Lisa Germano | Interview

Resonance Magazine | Andrew Monko

When you confront stuff you get rid of your anger.

2003

Lullaby for Liquid Pig

 
One of the “Teen Creed” tenets on a plaque that my parents nailed to my bedroom wall as a youngster read: “Stand for something or you’ll fall for anything.”  Singer/songwriter Lisa Germano knows a thing or two about confrontation, and debates (calmly) whether a Joe Pesci modus operandi is necessarily naught. 

How do you react to confrontation? 
I actually like it because it gets things done.  I spent a lot of years not being confrontational, and I think that when you’re like that you hold a lot of anxiety and anger and it makes you sick.


I think that confrontation is facing a foe or something you don’t agree with, and being confrontational means you’re essentially a hot head. 
But maybe that’s not even bad.  It means you’re really direct.  I got fired once, actually twice, for being confrontational, in the music business.  But what I learned was that I didn’t do anything wrong.  But I didn’t really care.  You have to be prepared for the risk that you take.


In everyday life, when is confrontation justified?
 It depends if something happens that you feel you need to stand up for.  Driving in LA is really irritating.  If somebody takes my parking spot, sometimes I will get out of the car and say: “That was really, really nice.”  It’s hard for me to shut up, and I will do that because otherwise I just get angry.  I’ll take it home and be mean to somebody else.  I think that anger spreads when you’re not confrontational, which is just the opposite of what people think confrontational people are – angry people who want to fight all the time.  When you confront stuff you get rid of your anger.  But you can’t beat up people.  That’s different – that’s being violent, I guess.


How do you feel about spectator sports – isn’t that a form of confrontation? 
I see that as entertainment.  I like to watch sports because it’s so amazing to see these people do amazing feats.  Like when a quarterback throws a long pass to this person and it goes absolutely right into their hands with five people around them.  It mind-boggles me.  I like to watch those kinds of sports because they’re exciting when little miracles happen.  It’s bad when people care too much about winning, but I don’t know if that’s confrontational.
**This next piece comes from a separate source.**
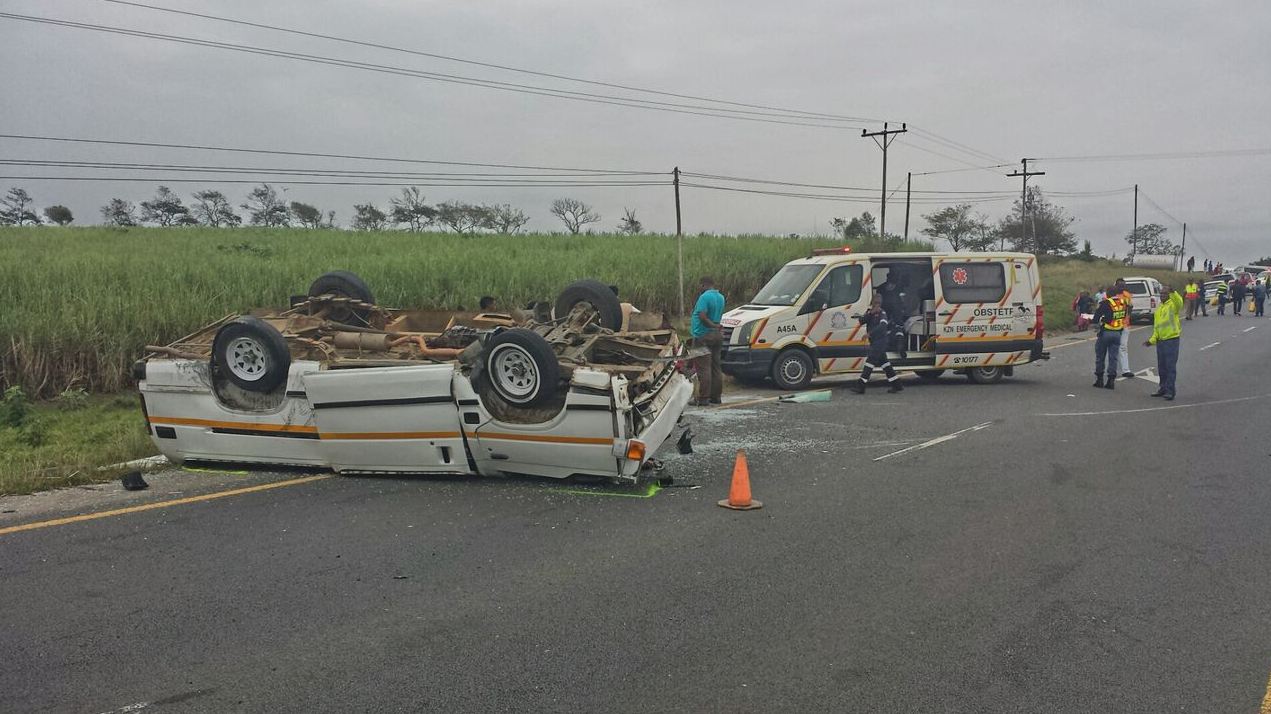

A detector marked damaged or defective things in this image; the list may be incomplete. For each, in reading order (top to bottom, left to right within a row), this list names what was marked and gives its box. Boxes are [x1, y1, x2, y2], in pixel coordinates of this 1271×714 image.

broken windshield [752, 262, 823, 304]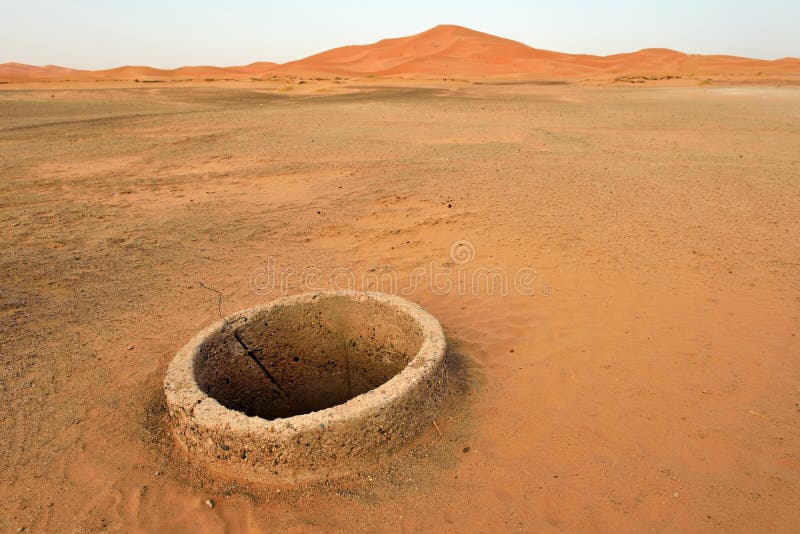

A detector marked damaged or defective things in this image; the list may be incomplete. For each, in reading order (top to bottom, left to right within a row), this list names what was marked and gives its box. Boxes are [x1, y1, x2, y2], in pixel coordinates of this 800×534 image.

cracked stone rim [165, 294, 446, 486]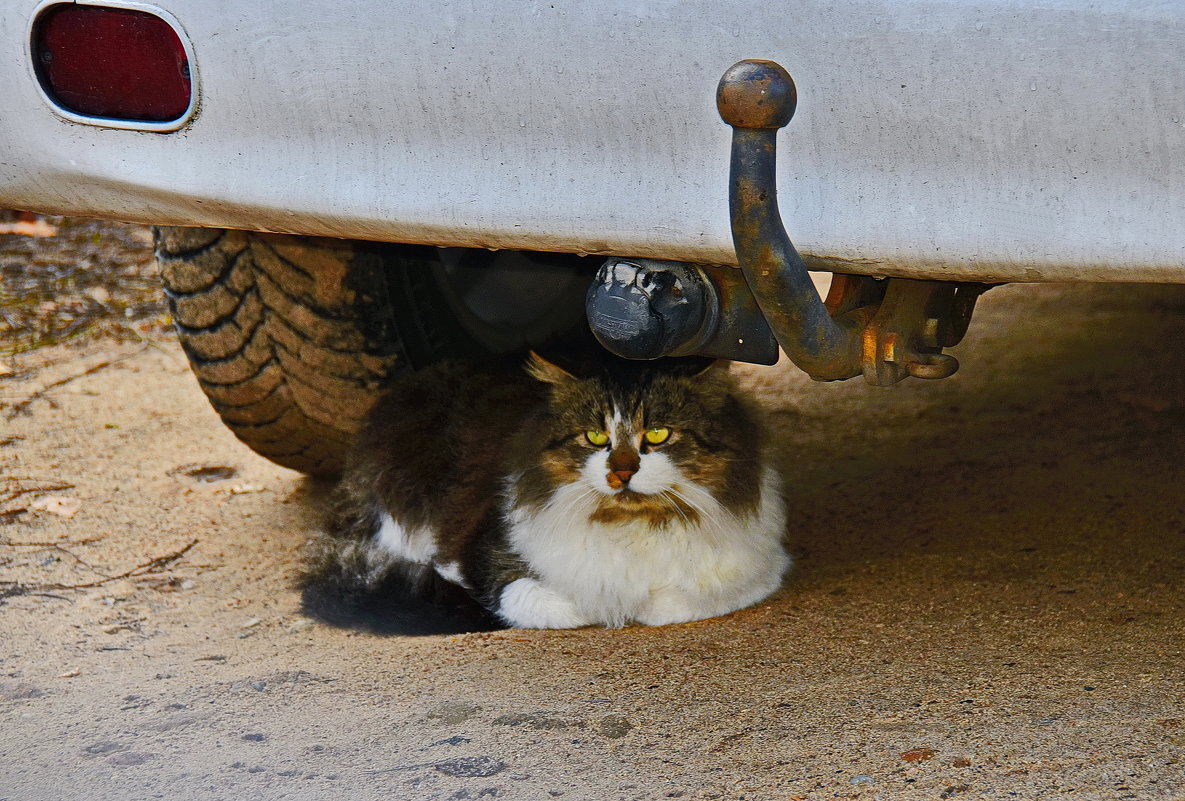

How did you deal with things when you were younger?
  I let people step all over me.  I was really sick and kind of agoraphobic.  Before I got therapy, when I was 25 or 26, I was a mess.  It was all because I was shy and scared to say what I thought, and it got to this point where I couldn’t even leave the house without being afraid of where I was going.  When I started to get therapy, I did so for one reason: John Mellencamp asked me to join his band.  So I went right into it and my therapist taught me how to confront things, and my panic attacks lessened.


What’s your opinion about the confrontation in ?
 I’m not somebody who thinks war should exist at all.  We’ve learned from history about how this absolutely should never happen again; it makes no sense.  But by them confronting this, they are getting things done.  But they shouldn’t go to war.  So it’s is definitely affecting me.  I feel depressed a lot, but I don’t know what else to do but sign petitions and write.


There’s only so much to do. 
I think you have to try – I think writing or being creative always helps the world, in an unconscious way.  I read an article the other day that I really like by an author named Arundhati Roy about how being active and positive is very powerful, and it’s harder to do that to get depresses and apathetic.  So that’s a food thing to do – challenge yourself to rise above it instead of the easiness of just giving up.